As if on cue, my phone decided I was hungry. It pushed a map of the surrounding neighborhood to the front of the screen. Places I didn’t recognize, or at least hadn’t eaten in for a couple of years, were highlighted with slowly pulsating pale blue dots. Two Chipotles, a gyro truck, some taco place I had a vague memory of, a soup and sandwich joint that actually looked new, and of course a Whole Foods Go. All of them were Amazon affiliates. I sat in the front of the truck and thought about how I was going to have to learn the city all over again, build myself up a new mental map of places I could easily go, lunches I could afford to eat. Or maybe I didn’t need to bother. Maybe I could just let my phone and the data brokers take care of it all.
A week earlier, my phone would have recommended the diner across the road, the one I was staring numbly at through the windshield. It would have known I was heading for it as soon as I turned onto this block, and then probably tried to distract me with coupon codes for some other, competing Uber-affiliated place. Now, it knew better. It knew going in there would be futile and painful and awkward. And, most important, it knew that going in there would be expensive. I didn’t belong in there anymore. My phone was coming to terms with my changing life a lot easier than I was.
It throbbed again, pushed something else to its screen. A text from Nakisha: where r u? everyone’s here! I started to compose a reply but stopped myself. It was pointless—I had nothing to say. Plus, if I did, it’d be weird to text it, when I could just cross the road and walk into the diner and say it to her face. She was in there right now, with a bunch of other Uber drivers. We used to try to come here at least once a month, just to catch up and hang, chat shit and bitch about how fucked everything was. If I was honest, it was always a little tough for me—being around people felt like a struggle at the best of times—but this was more about not being able to face any more goodbyes.

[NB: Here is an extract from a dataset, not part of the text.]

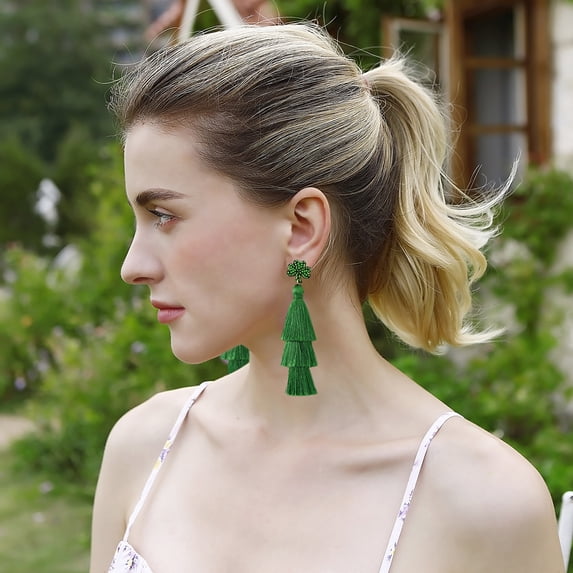 Washranp St. Patricks Day Dangle Earrings,Portable Green Leaves Tassel Drop Earrings for Women Gift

I stared at the diner some more, guessing who would be inside. I tried to hold their faces in my mind, but one by one they all slipped away from me, lost in the anonymous crowd. It was always there, a shuffling horde of familiar faces dissolved into vague, generic sketches. Friends, family, acquaintances, forever on the edge of my peripheral vision. Faces lost to me, swept away by the waves of sickness, death, change, and hard economics that had emptied out the city I once knew. Faces it was a whole lot easier to just let fade away than to try and find again, or to mourn.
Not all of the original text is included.